## Input data
|---|

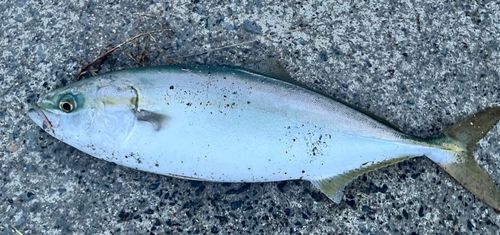 イナダの釣果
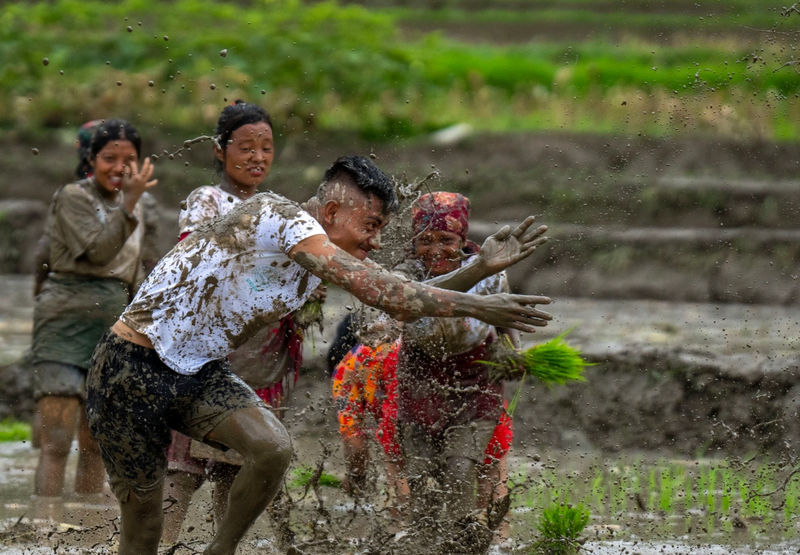 Chùm ảnh hàng nghìn nông dân Nepal mừng Ngày lúa quốc gia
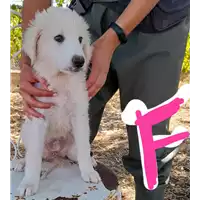 Foto dell\'animale Comune di Corigliano-Rossano - 380260044706558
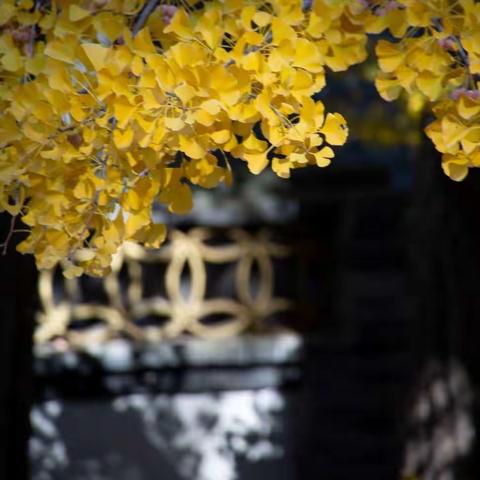 落叶飘零的深秋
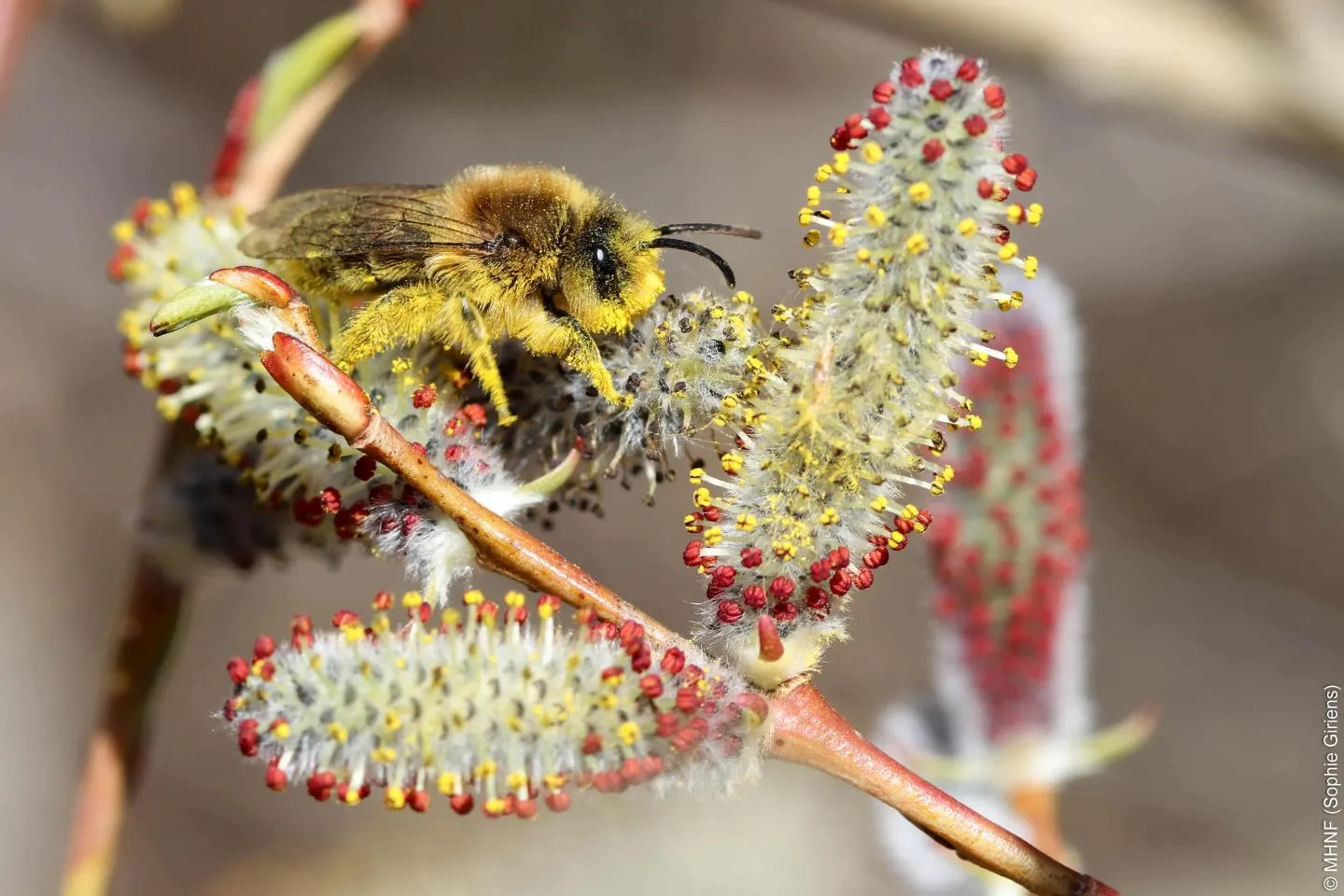 Colletes cunicularius
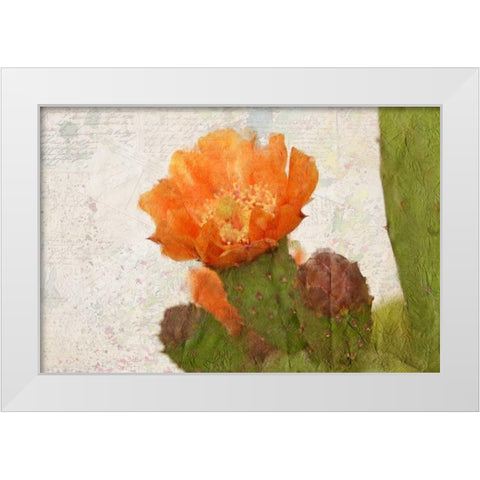Cacti Flower White Modern Wood Framed Art Print by Allen, Kimberly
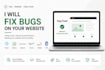 fix bugs on your website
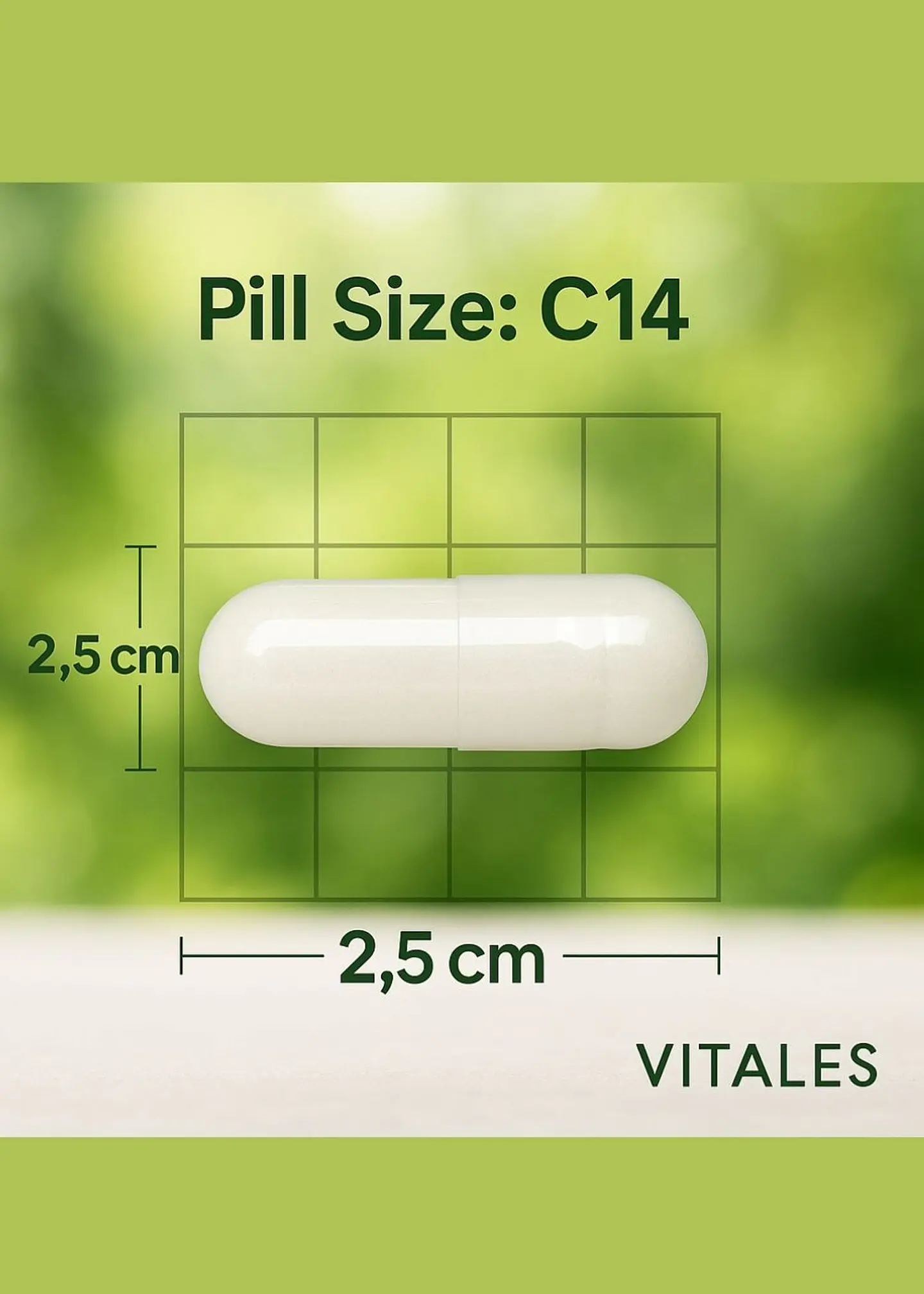 Puritan’s Pride Glucosamina, Condroitina & MSM – 240 Cápsulas | Articulaciones, Movilidad y Cartílago Saludable | Colombia 2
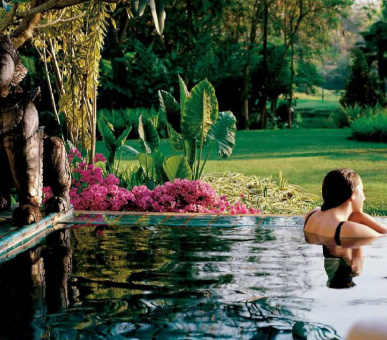 Картинка Four Seasons Resort Chiang Mai (Таиланд, Чиангмай, Чианграй) 19 Фото Four Seasons Resort Chiang Mai (Таиланд, Чиангмай, Чианграй) 19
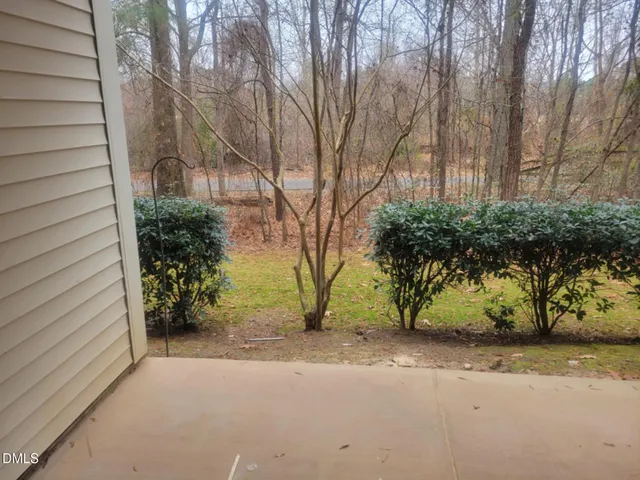 a view of a yard with plants and trees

|---|

## Required work
When you write out the material, keep every line exact and leave out each picture.

## Exercise output
 イナダの釣果
 Chùm ảnh hàng nghìn nông dân Nepal mừng Ngày lúa quốc gia
 Foto dell\'animale Comune di Corigliano-Rossano - 380260044706558
 落叶飘零的深秋
 Colletes cunicularius
Cacti Flower White Modern Wood Framed Art Print by Allen, Kimberly
 fix bugs on your website
 Puritan’s Pride Glucosamina, Condroitina & MSM – 240 Cápsulas | Articulaciones, Movilidad y Cartílago Saludable | Colombia 2
 Картинка Four Seasons Resort Chiang Mai (Таиланд, Чиангмай, Чианграй) 19 Фото Four Seasons Resort Chiang Mai (Таиланд, Чиангмай, Чианграй) 19
 a view of a yard with plants and trees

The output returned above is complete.